A Game of the Ewing Family
- Designers: Stephen Peek
- Publishers: Yaquinto Publications
- Publication: 1980
- Genres: Family game

= Dallas: A Game of the Ewing Family =

1980 board game

Dallas: A Game of the Ewing Family is a board game published by Yaquinto Publications in 1980 that is based on the American television series Dallas.

==Background==
Dallas was an American prime time soap opera that aired on CBS from 1978 to 1991. The series revolved around an affluent and feuding Texas family, the Ewings, who owned the independent oil company Ewing Oil and the cattle-ranching land of Southfork. When someone shot the despicable J.R. Ewing in the second season cliffhanger finale, the series reached its peak popularity; the premiere of the third season, "Who Done It" remains the second-highest-rated primetime telecast ever. Several game publishers tried to cash in on this popularity, including Simulations Publications Inc. (SPI) with Dallas: The Television Role-Playing Game (1980), and Yaquinto with their family board game Dallas: A Game of the Ewing Family.

==Description==
Dallas is a board game for 2–7 players where each player is a member of the Ewing family who attempts to become the president of the Ewing family business and eventually gain complete control by forcing everyone else out of the game.

===Gameplay===
Each player receives a counter illustrated with a photograph of one member of the Ewing family. Players roll the dice to circle a board, looking for money, stocks and blackmail cards. Trading of assets between players is allowed.

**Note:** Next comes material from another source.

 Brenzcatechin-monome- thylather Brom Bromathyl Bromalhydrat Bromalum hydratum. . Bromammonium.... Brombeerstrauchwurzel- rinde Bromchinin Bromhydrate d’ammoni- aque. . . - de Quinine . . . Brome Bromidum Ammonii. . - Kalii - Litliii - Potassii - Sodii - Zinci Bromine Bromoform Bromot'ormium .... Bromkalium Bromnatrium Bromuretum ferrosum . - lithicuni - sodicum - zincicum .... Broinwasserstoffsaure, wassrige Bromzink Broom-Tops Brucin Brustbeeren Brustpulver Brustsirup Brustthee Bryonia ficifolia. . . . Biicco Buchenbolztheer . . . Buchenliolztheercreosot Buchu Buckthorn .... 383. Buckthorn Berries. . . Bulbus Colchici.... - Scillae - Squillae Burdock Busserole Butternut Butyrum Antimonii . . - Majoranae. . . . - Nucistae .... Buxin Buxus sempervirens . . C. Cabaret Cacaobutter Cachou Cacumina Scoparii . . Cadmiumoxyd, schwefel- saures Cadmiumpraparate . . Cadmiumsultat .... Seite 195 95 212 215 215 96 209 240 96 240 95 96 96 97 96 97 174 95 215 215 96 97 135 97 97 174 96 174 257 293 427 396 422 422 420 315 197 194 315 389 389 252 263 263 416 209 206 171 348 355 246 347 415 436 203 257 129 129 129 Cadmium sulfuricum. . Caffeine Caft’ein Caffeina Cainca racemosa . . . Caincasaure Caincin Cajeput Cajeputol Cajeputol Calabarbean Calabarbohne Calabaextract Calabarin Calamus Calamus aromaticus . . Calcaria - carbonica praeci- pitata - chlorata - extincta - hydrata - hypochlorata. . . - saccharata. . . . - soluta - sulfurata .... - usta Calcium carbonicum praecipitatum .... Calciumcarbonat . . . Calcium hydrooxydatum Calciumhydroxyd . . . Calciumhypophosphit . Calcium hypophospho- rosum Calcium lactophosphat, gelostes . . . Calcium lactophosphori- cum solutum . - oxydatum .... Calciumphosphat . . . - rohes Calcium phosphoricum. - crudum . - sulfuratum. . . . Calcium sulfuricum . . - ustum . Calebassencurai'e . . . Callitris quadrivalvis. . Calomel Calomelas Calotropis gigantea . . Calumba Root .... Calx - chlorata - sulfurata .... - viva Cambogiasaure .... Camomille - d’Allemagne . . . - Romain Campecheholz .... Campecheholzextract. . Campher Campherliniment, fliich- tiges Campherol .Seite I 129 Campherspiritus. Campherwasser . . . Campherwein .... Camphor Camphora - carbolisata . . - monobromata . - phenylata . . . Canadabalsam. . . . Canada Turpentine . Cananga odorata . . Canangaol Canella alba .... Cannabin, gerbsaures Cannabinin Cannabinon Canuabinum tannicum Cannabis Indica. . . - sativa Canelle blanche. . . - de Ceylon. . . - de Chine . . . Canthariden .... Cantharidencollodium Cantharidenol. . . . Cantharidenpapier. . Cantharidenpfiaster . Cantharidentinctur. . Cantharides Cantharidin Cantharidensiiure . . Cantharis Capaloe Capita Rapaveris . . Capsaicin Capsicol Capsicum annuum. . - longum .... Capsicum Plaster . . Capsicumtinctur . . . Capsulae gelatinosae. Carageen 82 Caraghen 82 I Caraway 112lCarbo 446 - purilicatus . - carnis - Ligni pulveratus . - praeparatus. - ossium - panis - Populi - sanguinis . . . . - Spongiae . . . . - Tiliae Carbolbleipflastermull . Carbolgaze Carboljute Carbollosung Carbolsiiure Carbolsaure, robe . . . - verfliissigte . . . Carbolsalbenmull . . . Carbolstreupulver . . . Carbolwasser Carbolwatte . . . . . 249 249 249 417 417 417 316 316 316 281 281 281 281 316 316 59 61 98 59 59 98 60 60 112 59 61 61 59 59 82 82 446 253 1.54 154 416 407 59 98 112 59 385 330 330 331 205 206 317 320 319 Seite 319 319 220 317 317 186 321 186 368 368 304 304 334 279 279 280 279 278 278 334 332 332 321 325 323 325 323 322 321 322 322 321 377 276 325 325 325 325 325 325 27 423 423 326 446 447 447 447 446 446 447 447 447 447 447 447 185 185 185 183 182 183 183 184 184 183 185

At family board meetings, family members use votes and proxies to try to seize control of the President's chair. A player holding a complete set of blackmail cards can force the blackmailed player to vote for the blackmailer.

==Publication history==
At the height of the Dallas television series in 1980, Yaquinto attempted to cash in on the show's popularity by publishing a licensed board game, Dallas: A Game of the Ewing Family, designed by J. Stephen Peek. As with other Yaquinto games, this one was packaged in a double LP-style folder. Yaquinto also licensed foreign-language versions of the game, including German, French, Swedish and Finnish editions.

==Reception==
In Issue 49 of the British wargaming magazine Perfidious Albion, Charles Vasey called this "a cheapo version of Monopoly. You zoom around a really neat map of 'Dallas' which is very amusing (do look closely at it) picking up blackmail cards and stocks in various companies." Vasey compared this board game to SPI's Dallas: The Role-playing Game and concluded, "[Yaquinto's game is] better on the atmosphere, but frankly folks, is this really what you want to play?"